Travent, Ltd., v. Schecter, 718 So. 2d 939; 1998 Fla. App. LEXIS 12840; 23 Fla. L. Weekly D 2384 (Fl App 1998)Posted: May 20, 2013
Travent, Ltd., v. Schecter, 718 So. 2d 939; 1998 Fla. App. LEXIS 12840; 23 Fla. L. Weekly D 2384 (Fl App 1998)
Travent, Ltd., Appellant, v. Mark Schecter and Karen Schecter, his wife, Appellees.
CASE NO. 97-2491
COURT OF APPEAL OF FLORIDA, FOURTH DISTRICT
718 So. 2d 939; 1998 Fla. App. LEXIS 12840; 23 Fla. L. Weekly D 2384
October 14, 1998, Opinion Filed
SUBSEQUENT HISTORY: [**1] Released for Publication October 30, 1998.
PRIOR HISTORY: Appeal from the Circuit Court for the Seventeenth Judicial Circuit, Broward County; Robert Lance Andrews, Judge; L.T. Case No. 93-17334 09.
DISPOSITION: REVERSED AND REMANDED.
COUNSEL: Kenneth W. Moffet of Moffet & Alexander, P.A., West Palm Beach, for appellant.
Walter G. Campbell, Jr. of Krupnick, Campbell, Malone, Roselli, Buser, Slama, and Hancock, P.A., Fort Lauderdale, for appellees.

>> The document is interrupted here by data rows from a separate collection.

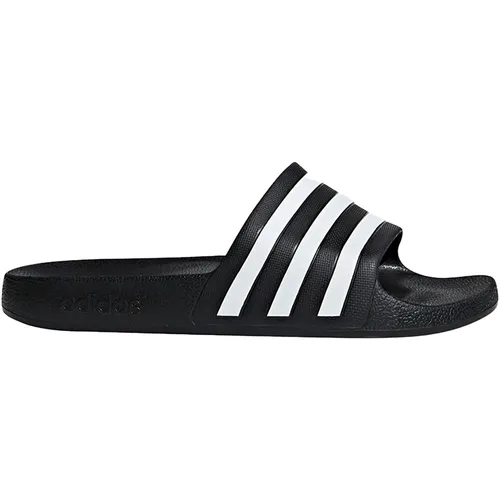 Adidas Adilette Aqua - schwarz - Stylische Adilette für das Schwimmbad. Mit minimalistischen Design und 3-Streifen-Logo. Die weiche Dämpfung sorgt für hohen Tragekomfort, ideal für müde Füße nach dem Workout.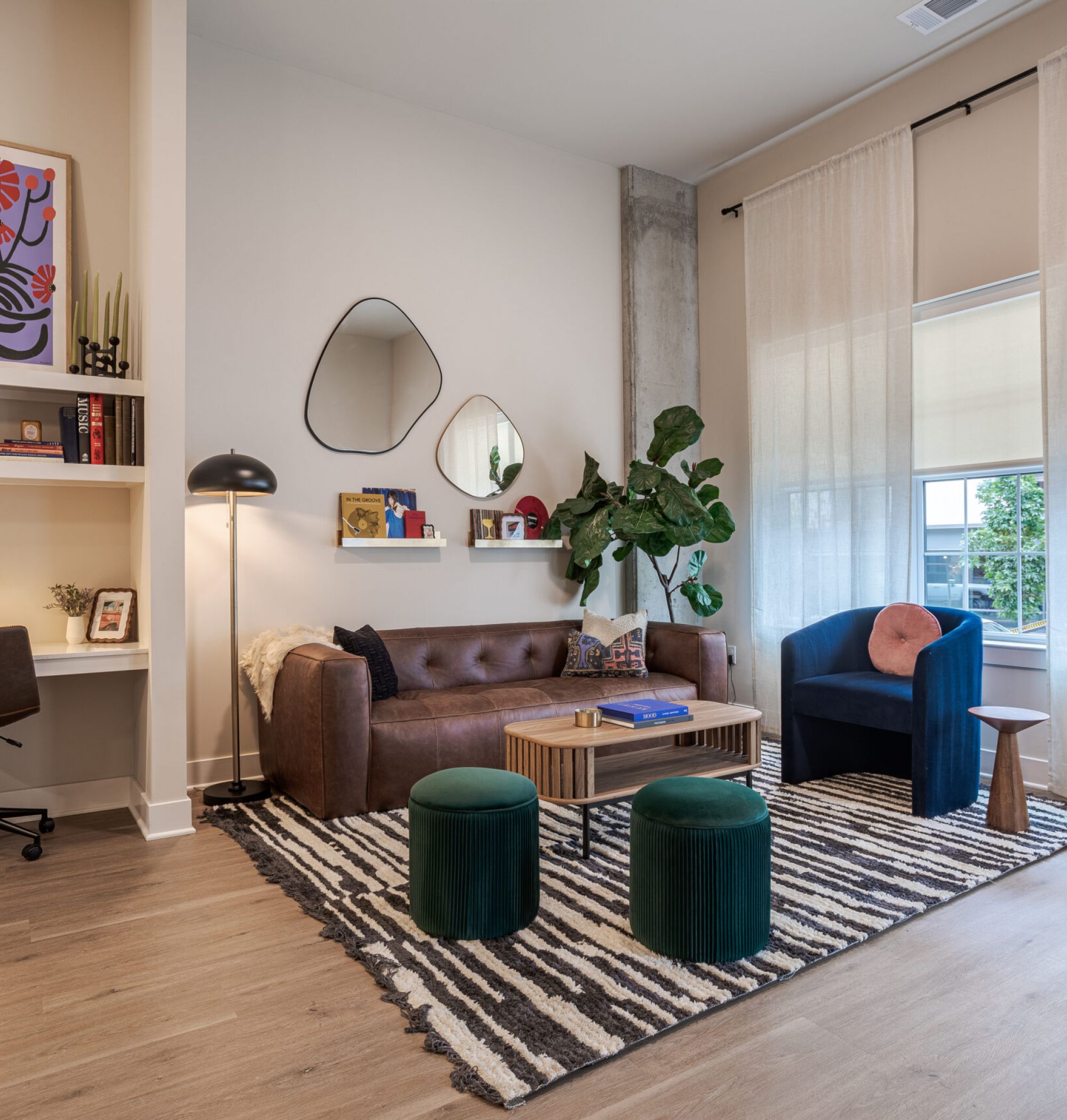 LOCAL Nashville Apartments furnished living room with a modern leather couch and seating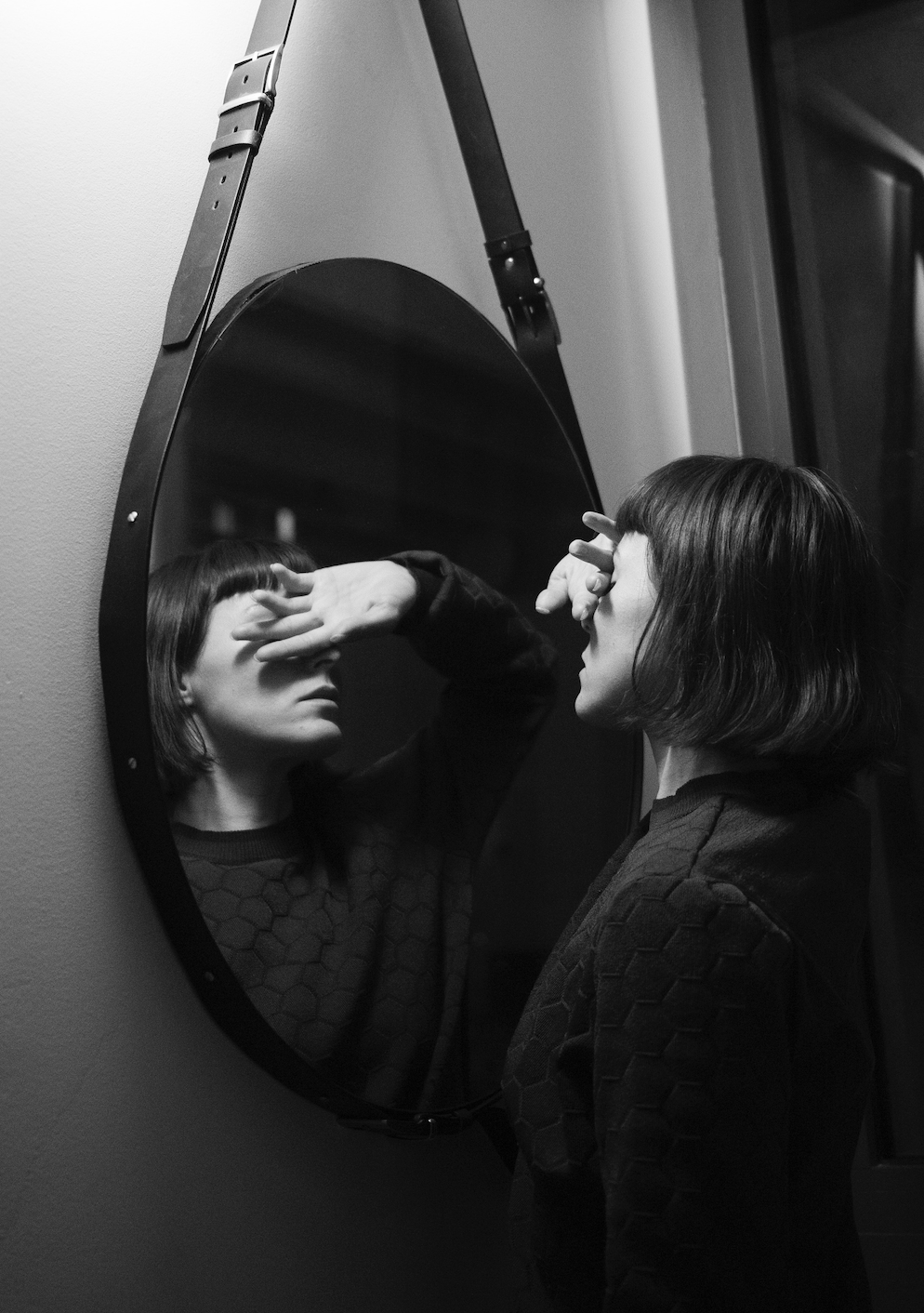 black and white photo of woman looking in mirror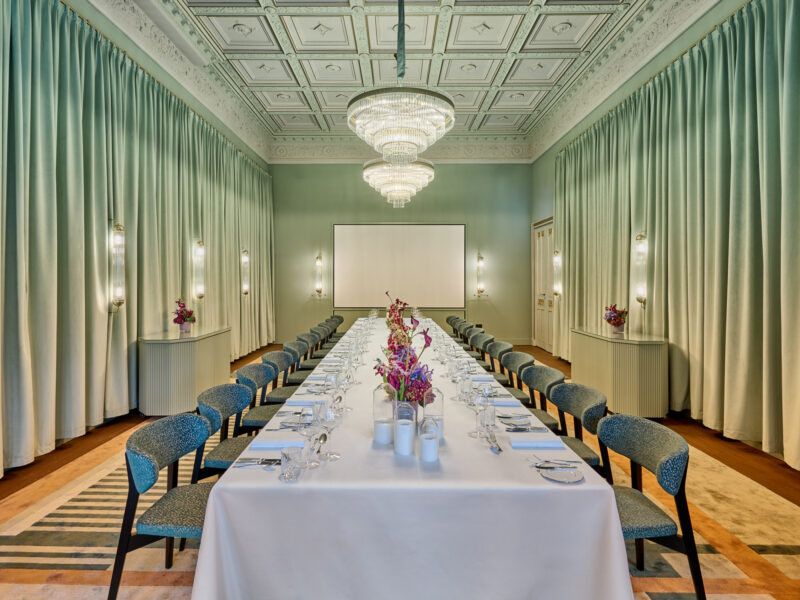 Elegant dining setup in a room with green walls, a long table adorned with flowers, and chandeliers overhead.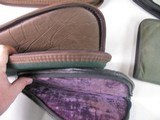 8815
5 pistol soft cases, 2 Allen green 14” Pistol cases, Brown Leather Pistol case 11”, Gray pistol case 12”, Green Pad case 11” All are good used c - 5 of 7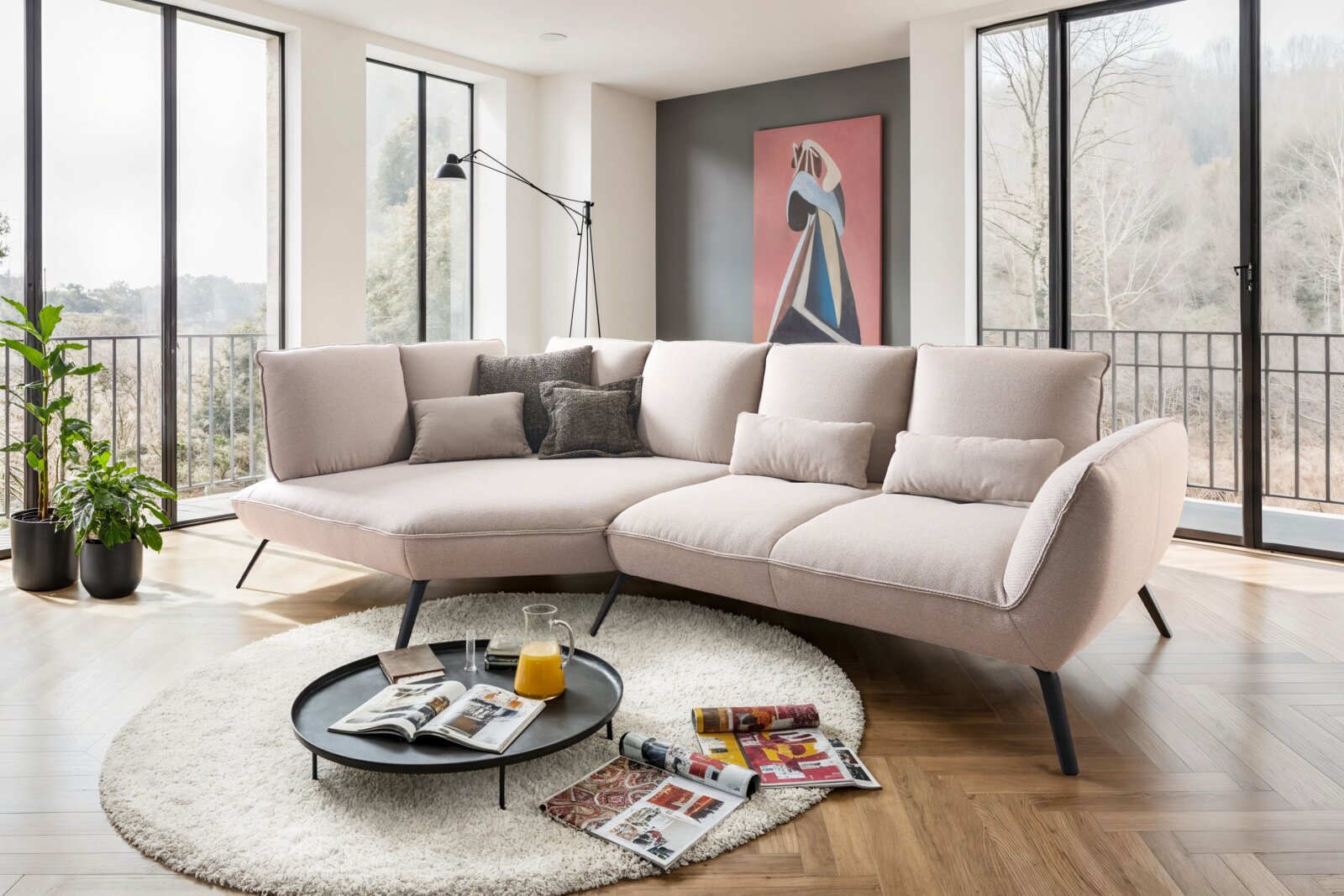 Moderne Longchairkombination in einem hellen Wohnzimmer mit großen Fenstern, die eine Aussicht auf die Natur bieten. Die Perspektive zeigt die Couch von vorne, umgeben von einem runden Teppich und einem Couchtisch mit Zeitschriften und einem Krug Orangens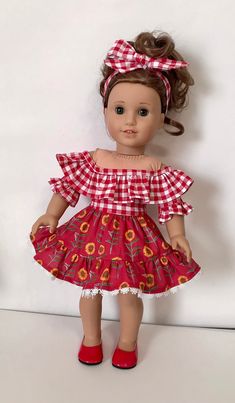 the doll is wearing a red and white dress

JUDGES: DELL, J., GUNTHER and WARNER, JJ. concur.
OPINION BY: DELL
[*939] DELL, J.
Travent, Ltd. appeals the order granting Mark and Karen Schecters’ Motion for Judgment in Accordance with Motion for Directed Verdict and Motion for New Trial. Travent contends that the trial court erred when it granted the Schecters’ motion for directed verdict because they signed an agreement that released their claims. Travent also contends that the trial court erred when it granted the new trial because the Schecters waived any error concerning the admission of the release and invited any error in the jury instructions. We reverse.
The Schecters filed suit alleging that Travent’s negligence in the operation of bicycle tours caused serious injuries [**2] to Mark Schecter when the front wheel of the bicycle he rode fell off. 1 In its amended answer, Travent submitted the document signed by the Schecters, providing in pertinent part,
1 The Schecters also filed suit against Travel Center of Broward, Inc. d/b/a Compass-McQuade Travel. Travel Center is not a party to this appeal.
AGREEMENT: I have read and do understand Cycling Safely stated on the other [*940] side, and agree to follow [the safety precautions stated therein]. In consideration of being permitted to participate in a tour operated by TRAVENT International and TRAVENT Ltd., I do for myself, my heirs, legal representatives and assigns hereby release, waive and discharge TRAVENT International and TRAVENT Ltd., its agents and employees from all liability to myself, my heirs, legal representatives and assigns for any and all loss or damage on account of injury to my person or property, whether caused by negligence or otherwise, while participating in the tour. Furthermore, I assume full responsibility for [**3] the risk of bodily injury, death or property damages while participating in said tour.
Both parties moved for directed verdicts based on the release. The court denied the motions.
The jury found that the agreement signed by the Schecters released Travent from “any acts of negligence,” and that there was no negligence on Travent’s part legally causing damage to the Schecters. Thereafter, the Schecters filed a Motion for Judgment in Accordance with the Motion for Directed Verdict and a Motion for Mistrial, or in the alternative, a Motion for a New Trial. After a hearing, Judge Robert L. Andrews, successor to Judge Levon Ward, concluded,
The Release was insufficient to preclude liability on the part of the Defendant [Travent] . . . . [and that] because the Release contains no specific and unambiguous language asserting that the Defendant cannot be sued for its own negligence, the Plaintiffs were entitled to a Motion for Directed Verdict on the Release as a matter of law.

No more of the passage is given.